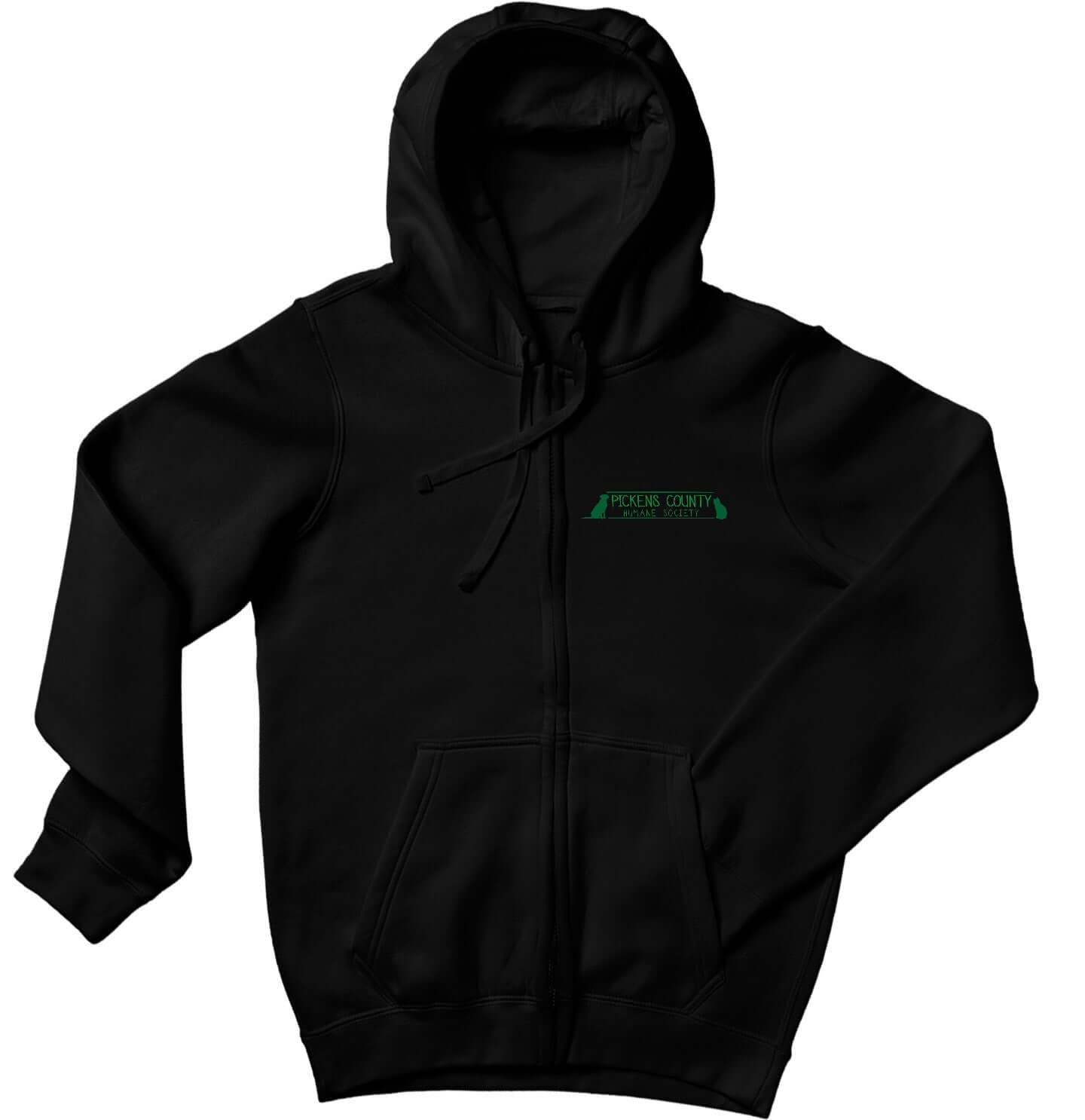 PCHS Left Chest Logo - Adult Unisex Full-Zip Hoodie Sweatshirt - Black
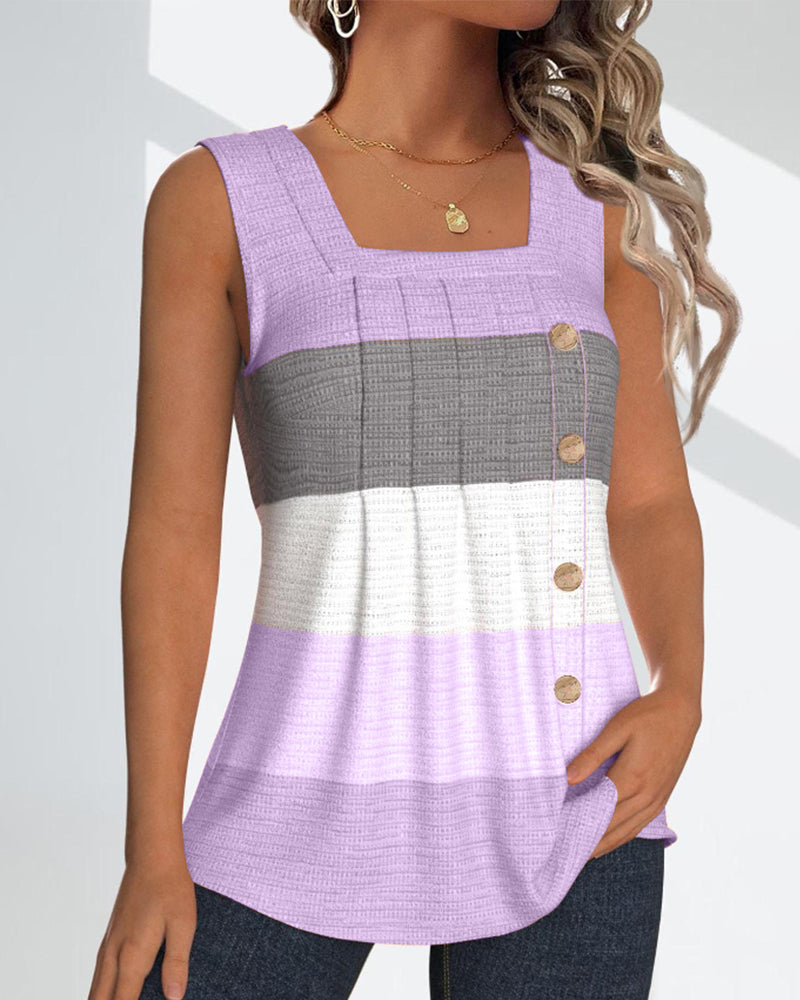 Striped button pleated tank top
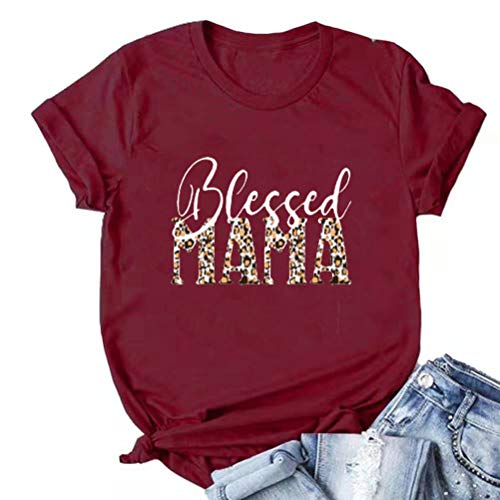Women Leopard Blessed Mama T-Shirt Mama Shirt Gift for Mom
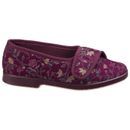 Wilma Ladies Wide Fit Slipper in Wine additional 4
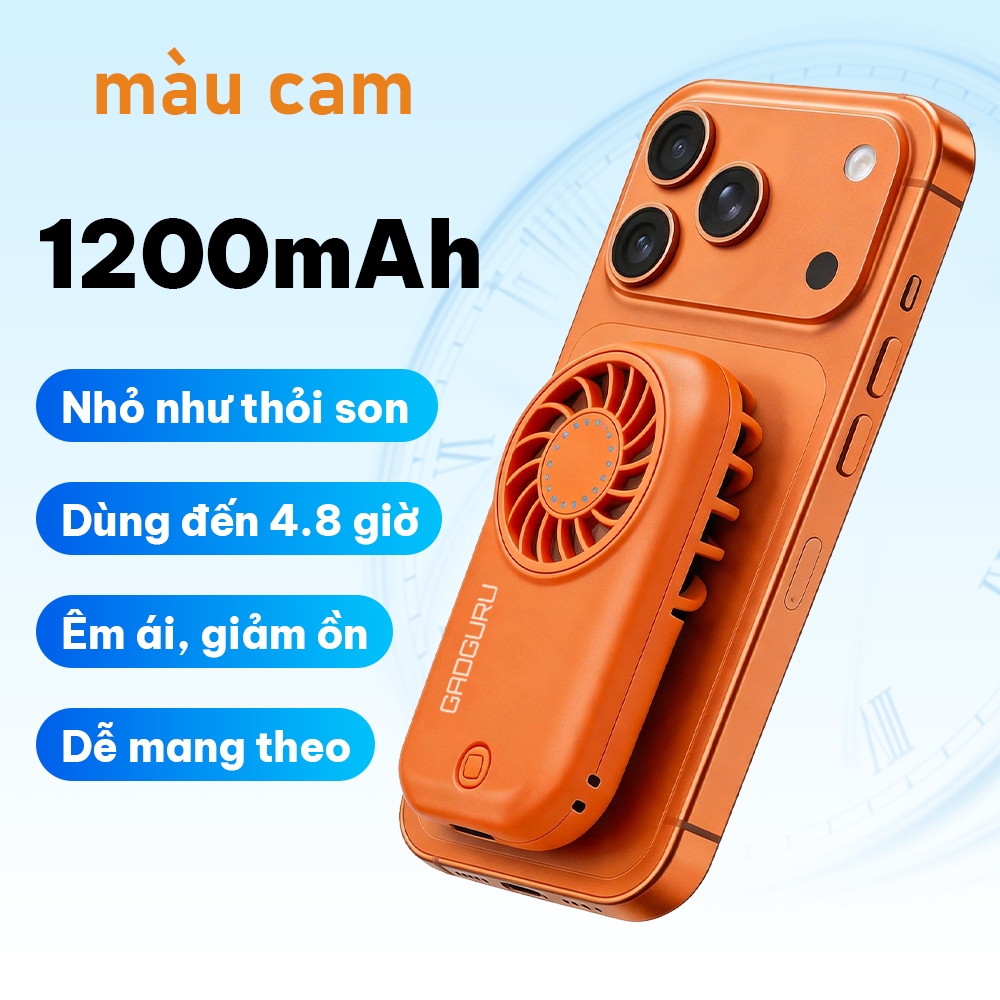 【Siêu Mạnh Siêu Mát】Quạt di động 2026 Quạt cầm tay mini pin 1200mah 5 cấp độ, sạc pin tiện dụng, nhỏ gọn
——
▶ _Exercise goal_: Return only the lines from the one containing "Striped button pleated tank top" through the last line of the entries above, exactly as written and without pictures.

▶ _Answer_:
 Striped button pleated tank top
Women Leopard Blessed Mama T-Shirt Mama Shirt Gift for Mom
 Wilma Ladies Wide Fit Slipper in Wine additional 4
 【Siêu Mạnh Siêu Mát】Quạt di động 2026 Quạt cầm tay mini pin 1200mah 5 cấp độ, sạc pin tiện dụng, nhỏ gọn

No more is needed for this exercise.